Language differences

However, there are inconsistencies contained within the Interpreter. For example; in the low-resolution mode, the command for defining the colour of a character to be printed is Colour, the English spelling. This is interesting because in the high-resolution mode, the command to set the colour at a point is Fcolor. On the whole, the Basic reminded me of Tandy Level II; hardly surprising, since the original Video Genie uses that dialect. The differences between the two languages are mainly in the extra graphics and sound commands. Tandy commands Set, Reset and Point are not included, since their function is made redundant by the high-resolution commands.

Although a user can enter any software written in the Tandy Basic, and run it, it is not possible to load Tandy cassettes. This is because signals are stored differently on the different machines.

The command to load a program from cassette is CLoad, or to load a specific program CLoad "program name". Twin stars then appear in the top right-hand corner of the screen. One of the stars remains constant, the other flashes. These flashes indicate that the computer has read in a particular character - most likely carriage return. If the twin star on the right does not flicker, then the cassette is not being read, and you know you have to start again.

The Edit facility is certainly useful, though difficult to use at first. The real advantage comes when debugging.
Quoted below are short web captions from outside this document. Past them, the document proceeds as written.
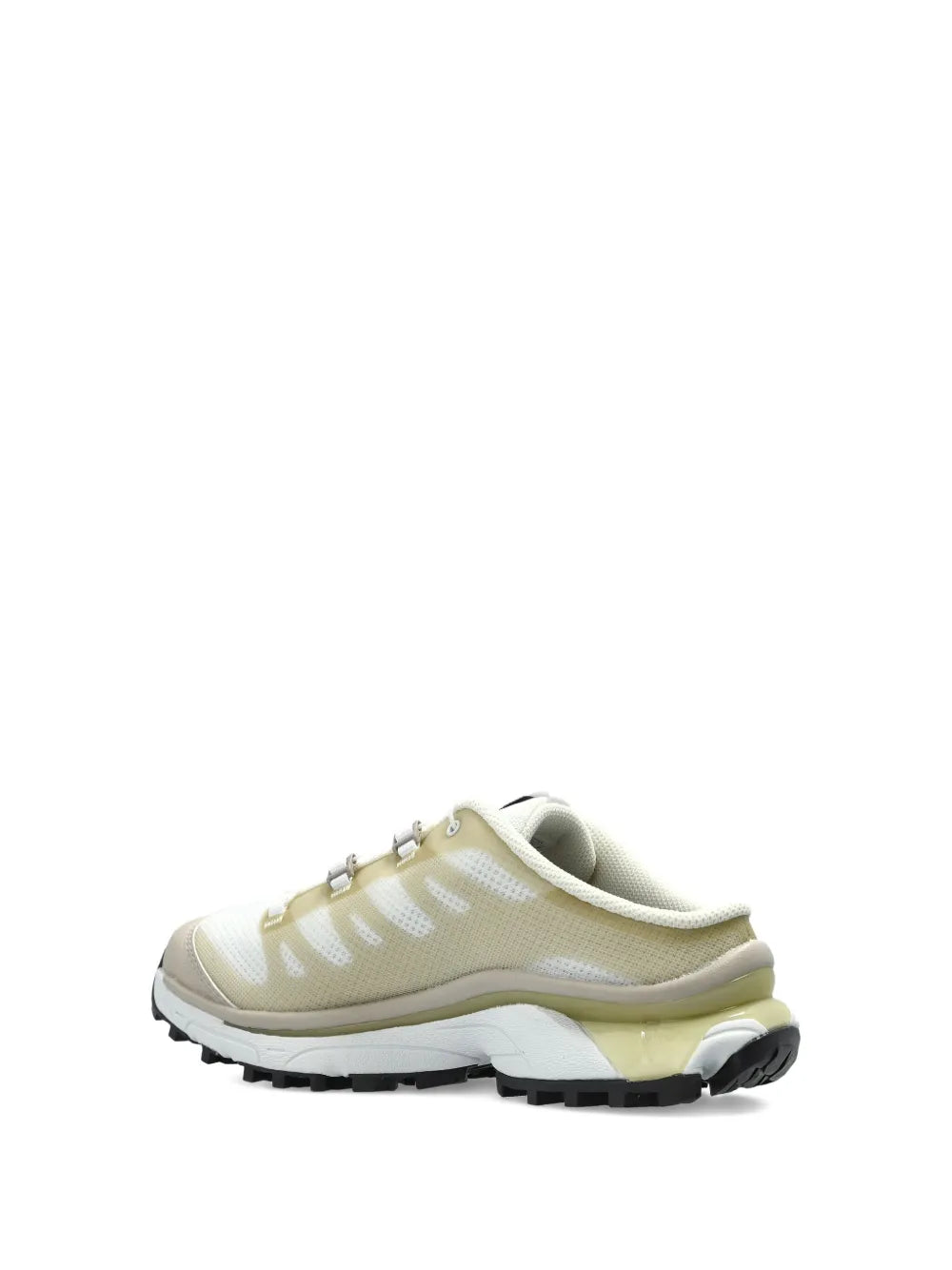Beige low-top sneakers side view with black lug tread outsole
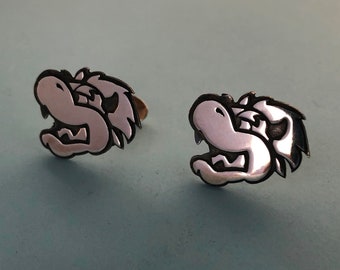 Bowser Cufflinks, handmade Sterling silver - for grooms, groomsmen, wedding, birthday, fathers day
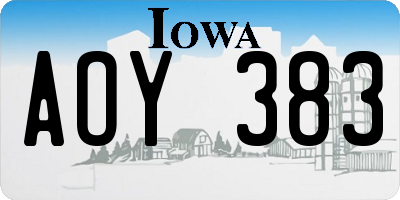 IA license plate AOY383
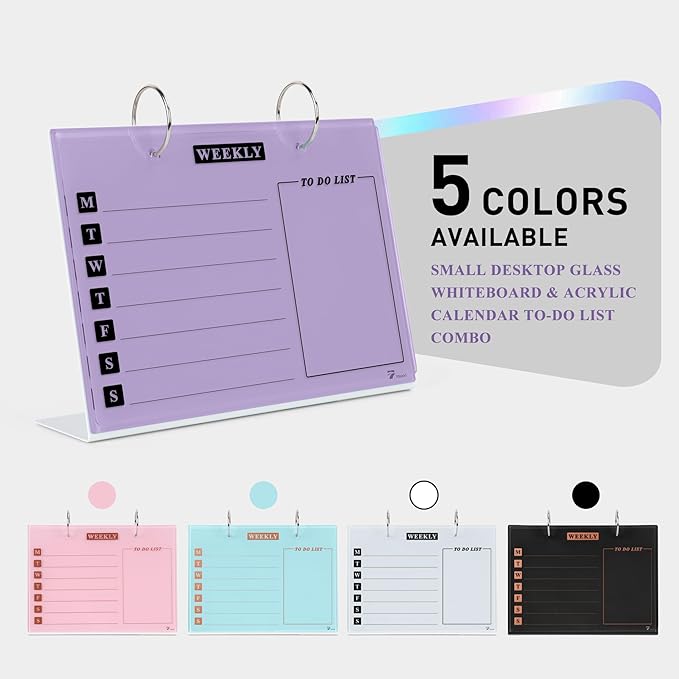 Desktop Glass Dry Erase & Acrylic Aesthetic Desk Calendar Weekly To-do List - Image 6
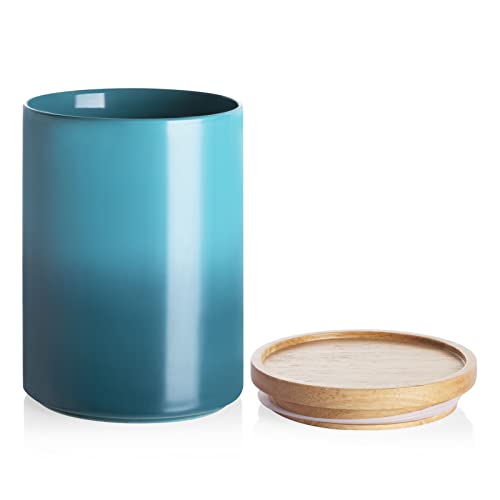 Sweejar Ceramic Food Storage Jar, Stackable Kitchen Canisters, Containers with Airtight Seal Wooden Lid for Serving Coffee Bean, Flour, Tea, Cookies, Spice and More - 58 Fl Oz (Gradient Blue) - color: Gradient Blue, size: 58 Fl Oz (5.2"x7.8")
The Auto command means that the programmer does not have to keep entering line numbers. Programmers used to more expensive machines with Microsoft Basic will love the Genie.

Special commands

Commands available on the Genie which may be unfamiliar are: Char, which enables a special user-defined character set; Verify, which compares a program on tape with that in memory; System, which takes the user into the monitor program; Tron and Troff, a trace facility which prints out line numbers as lines are executed.

DefDBL defines as double-precision all variables beginning with a certain letter; similar commands define integer variables, single-precision, strings and arrays. Two useful features include Error which simulates an error and On Error Goto, which means the program does not necessarily crash if something is amiss. A number of unfamiliar functions, mainly dealing with double-precision variables, are also available.

A special command is included to cope with a joystick. It returns a number giving a coordinate of its position. Maybe the most interesting command included in the Genie is Sound. I say maybe, because the pre-production documentation only hints that "the Sound command tells the music generator what combination of notes to play".

The music generated by the Genie is reasonably good; more to the point, the software makes it easy to use. The Play command is followed by four parameters, channel, octave, note and amplitude. My only criticism is that the user cannot specify the duration.